É importante citar que essa experiência levou os estudantes a transcender as fronteiras da Física e se interessar por temas candentes da vida contemporânea, como igualdade e respeito. Uma das indagações era "quem deveria se responsabilizar por garantir que André aprendesse? O Estado? A escola? A família?". Na busca por subsídios, fizeram pesquisas, leram artigos, assistiram a reportagens. Enfim, desenvolveram ações que denotam um processo genuíno de apropriação do conhecimento, que dialoga muito com o pensamento de John Dewey, que diz que "Dê aos alunos algo para fazer... e não algo para aprender; porque o ato de fazer é como o incentivo por pensar; e a aprendizagem resulta naturalmente".

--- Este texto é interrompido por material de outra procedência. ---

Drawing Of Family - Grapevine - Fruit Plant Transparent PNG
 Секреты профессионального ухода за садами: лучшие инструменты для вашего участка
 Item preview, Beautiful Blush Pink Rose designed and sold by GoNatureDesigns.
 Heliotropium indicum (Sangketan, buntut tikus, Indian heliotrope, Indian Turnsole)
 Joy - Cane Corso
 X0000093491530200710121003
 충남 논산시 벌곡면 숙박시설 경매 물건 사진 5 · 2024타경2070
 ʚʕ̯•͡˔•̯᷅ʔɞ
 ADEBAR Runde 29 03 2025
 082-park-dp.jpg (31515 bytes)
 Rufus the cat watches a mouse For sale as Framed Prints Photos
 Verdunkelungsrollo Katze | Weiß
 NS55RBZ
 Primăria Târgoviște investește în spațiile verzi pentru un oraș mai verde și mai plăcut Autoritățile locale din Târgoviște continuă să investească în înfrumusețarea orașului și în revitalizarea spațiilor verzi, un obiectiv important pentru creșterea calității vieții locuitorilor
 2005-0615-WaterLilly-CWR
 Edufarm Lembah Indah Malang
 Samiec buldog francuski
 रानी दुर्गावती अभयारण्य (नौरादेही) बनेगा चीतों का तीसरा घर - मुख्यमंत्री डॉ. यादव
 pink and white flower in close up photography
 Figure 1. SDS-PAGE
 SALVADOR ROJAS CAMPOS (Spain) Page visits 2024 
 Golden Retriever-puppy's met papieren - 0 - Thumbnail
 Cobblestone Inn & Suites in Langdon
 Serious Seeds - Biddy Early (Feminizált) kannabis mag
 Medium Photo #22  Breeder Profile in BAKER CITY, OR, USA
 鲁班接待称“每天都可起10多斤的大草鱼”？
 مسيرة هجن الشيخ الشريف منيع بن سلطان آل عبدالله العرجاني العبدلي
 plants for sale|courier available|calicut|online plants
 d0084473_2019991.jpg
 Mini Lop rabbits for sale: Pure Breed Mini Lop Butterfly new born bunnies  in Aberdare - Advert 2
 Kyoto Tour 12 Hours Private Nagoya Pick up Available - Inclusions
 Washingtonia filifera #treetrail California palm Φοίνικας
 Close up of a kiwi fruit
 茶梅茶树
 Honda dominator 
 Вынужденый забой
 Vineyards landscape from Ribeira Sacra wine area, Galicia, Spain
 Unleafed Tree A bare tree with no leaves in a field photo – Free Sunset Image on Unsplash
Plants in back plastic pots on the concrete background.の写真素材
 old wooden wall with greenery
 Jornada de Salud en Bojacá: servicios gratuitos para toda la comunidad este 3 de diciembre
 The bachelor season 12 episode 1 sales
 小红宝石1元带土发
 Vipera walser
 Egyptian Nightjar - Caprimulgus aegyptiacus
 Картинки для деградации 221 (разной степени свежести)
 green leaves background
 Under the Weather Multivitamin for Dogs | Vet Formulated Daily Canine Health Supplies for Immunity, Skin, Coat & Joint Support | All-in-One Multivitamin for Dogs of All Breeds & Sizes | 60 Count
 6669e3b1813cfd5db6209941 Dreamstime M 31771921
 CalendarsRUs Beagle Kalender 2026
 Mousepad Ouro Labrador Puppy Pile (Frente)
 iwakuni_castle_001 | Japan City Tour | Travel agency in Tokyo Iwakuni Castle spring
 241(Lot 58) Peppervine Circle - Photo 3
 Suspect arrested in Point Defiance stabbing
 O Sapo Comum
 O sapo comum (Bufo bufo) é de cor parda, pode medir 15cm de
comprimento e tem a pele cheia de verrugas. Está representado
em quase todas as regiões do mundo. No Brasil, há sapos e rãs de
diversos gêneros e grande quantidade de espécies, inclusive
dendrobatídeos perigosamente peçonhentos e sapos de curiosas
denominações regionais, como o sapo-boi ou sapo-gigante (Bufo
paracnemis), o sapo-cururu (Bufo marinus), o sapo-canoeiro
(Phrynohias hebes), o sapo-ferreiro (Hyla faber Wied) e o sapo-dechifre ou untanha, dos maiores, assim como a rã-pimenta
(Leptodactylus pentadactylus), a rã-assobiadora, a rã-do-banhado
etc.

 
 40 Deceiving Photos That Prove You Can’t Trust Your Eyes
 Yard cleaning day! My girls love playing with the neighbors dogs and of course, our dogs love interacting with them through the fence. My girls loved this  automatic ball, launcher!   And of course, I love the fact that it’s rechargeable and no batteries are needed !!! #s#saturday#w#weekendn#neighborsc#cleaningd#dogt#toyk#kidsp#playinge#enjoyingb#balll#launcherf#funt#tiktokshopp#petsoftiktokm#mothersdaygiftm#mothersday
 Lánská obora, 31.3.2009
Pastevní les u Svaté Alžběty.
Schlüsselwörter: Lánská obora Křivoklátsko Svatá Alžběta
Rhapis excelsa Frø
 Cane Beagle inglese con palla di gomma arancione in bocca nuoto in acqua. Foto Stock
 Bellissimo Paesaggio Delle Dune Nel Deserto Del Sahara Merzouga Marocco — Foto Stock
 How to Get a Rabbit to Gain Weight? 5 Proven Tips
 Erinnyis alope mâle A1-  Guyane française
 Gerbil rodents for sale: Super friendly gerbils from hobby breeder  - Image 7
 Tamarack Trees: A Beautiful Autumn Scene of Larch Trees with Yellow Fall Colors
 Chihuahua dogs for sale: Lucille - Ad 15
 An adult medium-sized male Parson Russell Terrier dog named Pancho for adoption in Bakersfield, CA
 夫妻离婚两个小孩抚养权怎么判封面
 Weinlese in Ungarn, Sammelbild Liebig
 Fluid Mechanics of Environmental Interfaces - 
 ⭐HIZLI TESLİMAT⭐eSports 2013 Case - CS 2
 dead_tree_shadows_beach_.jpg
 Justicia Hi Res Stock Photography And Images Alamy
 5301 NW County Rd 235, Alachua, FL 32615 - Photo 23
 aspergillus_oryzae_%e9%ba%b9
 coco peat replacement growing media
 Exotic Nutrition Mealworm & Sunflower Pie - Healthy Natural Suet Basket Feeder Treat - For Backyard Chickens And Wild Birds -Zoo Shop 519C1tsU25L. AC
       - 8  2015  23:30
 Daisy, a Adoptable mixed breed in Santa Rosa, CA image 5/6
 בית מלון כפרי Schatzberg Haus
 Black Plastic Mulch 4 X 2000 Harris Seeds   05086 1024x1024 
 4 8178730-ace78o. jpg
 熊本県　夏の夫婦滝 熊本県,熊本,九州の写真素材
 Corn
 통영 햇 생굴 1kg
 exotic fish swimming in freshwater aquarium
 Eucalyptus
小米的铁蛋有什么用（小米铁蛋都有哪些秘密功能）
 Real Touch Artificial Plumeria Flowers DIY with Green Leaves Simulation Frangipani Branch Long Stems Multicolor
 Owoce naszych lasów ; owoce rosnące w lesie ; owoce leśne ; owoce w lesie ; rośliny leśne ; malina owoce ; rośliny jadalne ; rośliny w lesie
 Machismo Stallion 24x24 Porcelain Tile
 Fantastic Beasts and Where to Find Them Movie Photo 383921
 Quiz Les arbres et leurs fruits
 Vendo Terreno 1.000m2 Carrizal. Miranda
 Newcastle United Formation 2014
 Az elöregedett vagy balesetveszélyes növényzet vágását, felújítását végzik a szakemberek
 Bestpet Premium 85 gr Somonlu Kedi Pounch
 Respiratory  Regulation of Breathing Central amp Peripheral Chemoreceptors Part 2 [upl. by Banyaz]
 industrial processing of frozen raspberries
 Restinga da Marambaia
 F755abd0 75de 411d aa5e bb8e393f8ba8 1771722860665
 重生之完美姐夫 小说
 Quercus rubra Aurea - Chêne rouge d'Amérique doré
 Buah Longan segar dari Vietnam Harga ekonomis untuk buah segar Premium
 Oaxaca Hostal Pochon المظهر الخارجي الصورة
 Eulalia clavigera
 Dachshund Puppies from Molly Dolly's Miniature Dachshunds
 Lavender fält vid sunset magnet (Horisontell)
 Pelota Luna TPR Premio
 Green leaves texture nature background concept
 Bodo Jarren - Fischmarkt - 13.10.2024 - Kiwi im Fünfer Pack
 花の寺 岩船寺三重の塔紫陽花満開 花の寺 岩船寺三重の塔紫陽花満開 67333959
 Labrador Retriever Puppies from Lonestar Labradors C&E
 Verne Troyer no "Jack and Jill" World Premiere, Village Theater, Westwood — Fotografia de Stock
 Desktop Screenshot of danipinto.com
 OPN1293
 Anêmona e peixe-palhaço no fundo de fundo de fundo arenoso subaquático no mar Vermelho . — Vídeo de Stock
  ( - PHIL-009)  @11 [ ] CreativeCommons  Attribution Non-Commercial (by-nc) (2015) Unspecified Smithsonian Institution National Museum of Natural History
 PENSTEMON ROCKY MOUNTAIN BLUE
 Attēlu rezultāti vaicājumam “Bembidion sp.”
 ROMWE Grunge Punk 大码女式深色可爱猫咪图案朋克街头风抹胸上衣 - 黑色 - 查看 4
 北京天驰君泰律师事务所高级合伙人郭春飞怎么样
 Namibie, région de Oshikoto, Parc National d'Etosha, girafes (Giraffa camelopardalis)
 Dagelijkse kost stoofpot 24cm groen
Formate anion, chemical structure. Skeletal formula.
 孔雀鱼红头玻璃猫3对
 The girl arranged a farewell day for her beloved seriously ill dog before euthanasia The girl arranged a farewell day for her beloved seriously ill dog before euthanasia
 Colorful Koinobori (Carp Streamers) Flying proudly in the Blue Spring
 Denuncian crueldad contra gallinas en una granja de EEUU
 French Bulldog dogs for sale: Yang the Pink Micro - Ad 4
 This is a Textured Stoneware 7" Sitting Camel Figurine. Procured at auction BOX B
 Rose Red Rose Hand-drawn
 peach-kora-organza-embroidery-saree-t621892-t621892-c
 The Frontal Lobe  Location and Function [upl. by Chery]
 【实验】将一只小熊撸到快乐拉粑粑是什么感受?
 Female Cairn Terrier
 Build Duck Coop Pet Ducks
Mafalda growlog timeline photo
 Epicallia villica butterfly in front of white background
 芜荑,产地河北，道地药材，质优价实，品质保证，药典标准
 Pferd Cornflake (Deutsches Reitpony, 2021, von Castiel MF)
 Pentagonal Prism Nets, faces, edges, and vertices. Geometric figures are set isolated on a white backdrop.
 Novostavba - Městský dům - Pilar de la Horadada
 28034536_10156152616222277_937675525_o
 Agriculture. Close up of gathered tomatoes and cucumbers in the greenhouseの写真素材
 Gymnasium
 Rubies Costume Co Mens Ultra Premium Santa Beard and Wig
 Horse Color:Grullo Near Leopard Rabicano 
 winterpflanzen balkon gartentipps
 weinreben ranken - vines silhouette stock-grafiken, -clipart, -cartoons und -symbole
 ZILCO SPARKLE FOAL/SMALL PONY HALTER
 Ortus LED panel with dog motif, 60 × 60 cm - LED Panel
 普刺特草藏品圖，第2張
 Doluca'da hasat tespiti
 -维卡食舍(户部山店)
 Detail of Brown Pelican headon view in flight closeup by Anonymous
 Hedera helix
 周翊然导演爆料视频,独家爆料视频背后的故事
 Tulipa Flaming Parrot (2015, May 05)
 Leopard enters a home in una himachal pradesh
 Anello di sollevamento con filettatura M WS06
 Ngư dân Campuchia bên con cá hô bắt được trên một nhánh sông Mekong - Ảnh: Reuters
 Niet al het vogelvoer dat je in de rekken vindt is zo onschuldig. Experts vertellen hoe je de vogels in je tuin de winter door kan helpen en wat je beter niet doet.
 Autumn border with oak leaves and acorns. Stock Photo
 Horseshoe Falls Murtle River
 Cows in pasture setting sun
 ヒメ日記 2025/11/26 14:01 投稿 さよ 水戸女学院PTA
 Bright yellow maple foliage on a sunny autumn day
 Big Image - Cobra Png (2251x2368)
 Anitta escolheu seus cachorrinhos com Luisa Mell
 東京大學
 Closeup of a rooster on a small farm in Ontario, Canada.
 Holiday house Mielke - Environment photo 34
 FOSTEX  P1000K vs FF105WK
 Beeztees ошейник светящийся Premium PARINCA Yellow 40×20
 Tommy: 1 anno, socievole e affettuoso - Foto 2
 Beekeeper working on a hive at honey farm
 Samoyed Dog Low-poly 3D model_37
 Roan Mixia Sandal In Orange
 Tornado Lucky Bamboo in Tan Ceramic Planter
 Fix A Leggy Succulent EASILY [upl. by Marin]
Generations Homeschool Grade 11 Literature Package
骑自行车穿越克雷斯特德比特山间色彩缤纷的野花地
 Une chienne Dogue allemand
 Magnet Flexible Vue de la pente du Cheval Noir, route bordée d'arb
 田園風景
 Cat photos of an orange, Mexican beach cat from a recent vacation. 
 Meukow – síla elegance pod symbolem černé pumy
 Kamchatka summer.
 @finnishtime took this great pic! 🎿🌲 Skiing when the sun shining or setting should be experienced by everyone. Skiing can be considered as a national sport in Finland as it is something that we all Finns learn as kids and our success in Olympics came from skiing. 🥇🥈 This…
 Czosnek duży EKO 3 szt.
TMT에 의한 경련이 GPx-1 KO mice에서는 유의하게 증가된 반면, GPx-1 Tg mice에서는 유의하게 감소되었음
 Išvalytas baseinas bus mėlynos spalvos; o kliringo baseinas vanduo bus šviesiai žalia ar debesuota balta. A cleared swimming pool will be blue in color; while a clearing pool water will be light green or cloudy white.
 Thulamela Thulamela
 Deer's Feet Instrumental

Esse caso escancara a importância da criatividade como uma competência a ser desenvolvida no ambiente escolar. Além disso, ilustra o enorme potencial do engajamento dos jovens, quando convidados a formular propostas relacionadas a causas sociais, como a inclusão de pessoas com deficiência. Cabe lembrar que uma das dez competências gerais estabelecidas pela Base Nacional Comum Curricular, documento concebido para nortear a criação dos currículos adotados pelas redes de ensino da Educação Básica no Brasil, refere-se diretamente a esse assunto.

Diante dessa relevância, será que é possível identificarmos condições essenciais para que a criatividade floresça? Em 2010, fui visitar a sede do Project Zero (organização ligada à Universidade de Harvard que se dedica a pesquisar as relações entre a aprendizagem e a arte). Um dos seus fundadores, Howard Gardner, enfatiza bastante a percepção de que a nossa infância é espontaneamente permeada pela capacidade de criar. Muitos artistas, como Pablo Picasso, já haviam relatado essa percepção. Nesse sentido, no papel de educadores, precisamos perseguir formas de manter vivas a mente e a sensibilidade das crianças. Ao invés de impor percursos engessados, que enfatizam a memorização de certas informações, as escolas deveriam estimular também a criatividade, em todos os níveis de ensino. Para que isso seja possível, Gardner destaca alguns ingredientes que considera fundamentais, como desafiar os estudantes para solução de problemas, expô-los ao risco e tolerar erros. Segundo ele, se não formos instigados, dificilmente teremos a chance de ser criativos.

Já faz algum tempo que a criatividade deixou de ser um tema estratégico apenas para quem atua com arte, comunicação e entretenimento. Criatividade é hoje um tema substancial para muitos outros universos, como o da escola. E para que ela tenha condições de aflorar, precisamos inserir no cotidiano das instituições de ensino, de forma intencional, desafios que engajem o aluno, o educador e o gestor. Isso corresponde a garantir espaço para o risco, para o erro e para a inovação. A escola para todos, aquela com que sonhamos, só se materializará quando assumirmos a criatividade como um potente catalisador para o cumprimento de sua nobre missão.